El virus del ébola ha atacado ya a 1.323 personas, de las cuales 729 han muerto, según información de la Organización Mundial de la Salud. La enfermedad se ha difundido ya en Sierra Leona, Liberia, Guinea y Nigeria.

La enfermedad, según los investigadores, es producida por un tipo de murciélago, que en la zona se conoce como zorro volador. Según la organización de las Naciones Unidas para la Agricultura y la Alimentación, en África occidental los animales son disecados y convertidos en ingredientes de una sopa picante. Por eso, las Naciones Unidas han advertido, desde hace algunas semanas, a esos países que no cacen ni coman murciélagos y animales salvajes de la región.

Pero se trata de países muy pobres, de bajos niveles de educación y de circunstancias históricas y sociales que los hacen fácil presa de epidemias y enfermedades que suelen ser graves y mortales. En algunos sectores, tales son la pobreza y el subdesarrollo que para conseguir alimentos deben internarse en lo profundo de la selva con todos los riesgos que esto supone para la salud. En otras palabras, la mortal ébola es una enfermedad de la pobreza.

Enunciado así, la realidad golpea. Su condición, no elegida, de pobre, los hace víctimas de enfermedades que en otros grupos humanos que viven en otras condiciones higiénicas y alimentarias no se dan.
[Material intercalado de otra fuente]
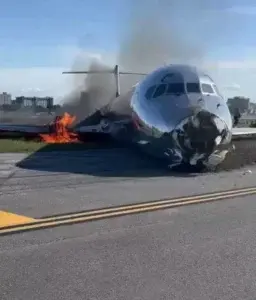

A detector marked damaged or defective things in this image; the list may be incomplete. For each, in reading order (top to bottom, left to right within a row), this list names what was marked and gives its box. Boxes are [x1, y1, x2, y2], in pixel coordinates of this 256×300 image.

crashed airplane [1, 63, 255, 170]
A estas alturas del razonamiento podemos sentirnos profundamente conmovidos por esos lejanos países africanos pobres, a menudo en guerra y sin sistemas ni políticas de salud suficientes y eficaces.
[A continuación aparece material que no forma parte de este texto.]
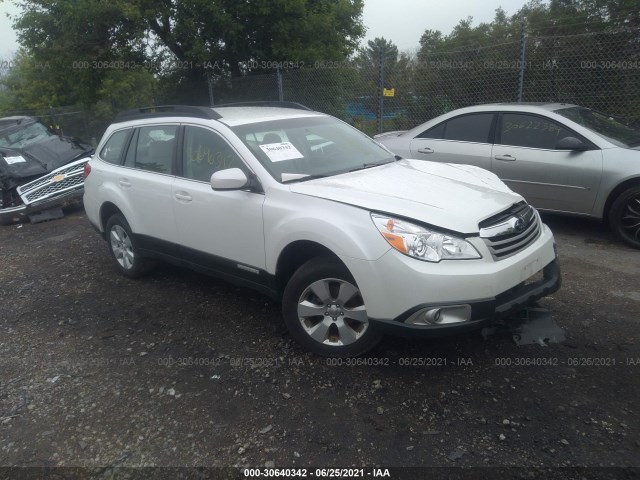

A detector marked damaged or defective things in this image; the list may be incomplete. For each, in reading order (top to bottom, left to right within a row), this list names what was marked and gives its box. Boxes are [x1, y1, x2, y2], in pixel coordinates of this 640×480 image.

damaged front bumper [0, 158, 90, 225]
dark damaged car [0, 116, 94, 223]
cracked bumper piece [370, 256, 560, 340]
El ébola es una grave enfermedad hemorrágica, que requiere tratamiento oportuno y acertado, que no está al alcance de todos los afectados, al menos no desde el principio, cuando se convierte en epidemia, se vuelve visible y se moviliza la comunidad internacional.

Pero ¿sucede esto solo con el ébola y solo en África? ¿No hay entre nosotros enfermedades que también son enfermedades de la pobreza? Creo que las hay, son las que afectan a quienes viven en condiciones de insalubridad; a quienes no pueden ingerir agua apta para el consumo humano; a quienes el fango les llega hasta la entrada de la casa y el agua les entra por las goteras; a quienes no se alimentan adecuadamente y a quienes cuando los afecta la enfermedad no pueden tener acceso a un médico, o simplemente ya no lo buscan “porque uno se muere cuando le llega”. Sí, hay enfermedades de los pobres.
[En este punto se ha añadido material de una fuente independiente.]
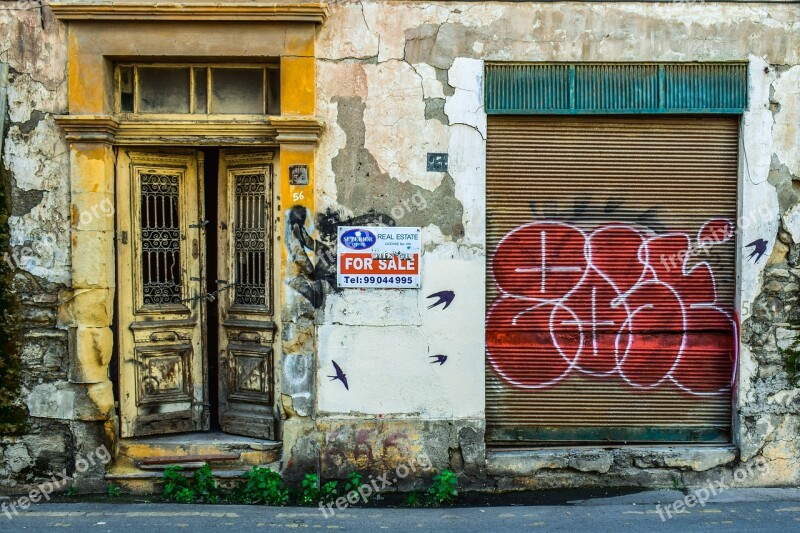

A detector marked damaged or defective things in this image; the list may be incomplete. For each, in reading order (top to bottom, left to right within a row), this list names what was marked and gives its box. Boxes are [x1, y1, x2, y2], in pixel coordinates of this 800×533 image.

cracked plaster wall [310, 1, 800, 486]
corroded metal shutter frame [484, 117, 740, 444]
Y cuando lo pensamos así, nos hiere que los servicios públicos de salud no siempre son oportunos, ni eficaces y entonces nos preguntamos si es solo cuestión de políticas públicas o también tiene que ver con la forma en que los responsables de esas políticas entienden su misión de servicio. Y más allá, ¿no hay algo que se relaciona con la manera de sentirnos seres sociales, de vivir la solidaridad y de buscar la justicia?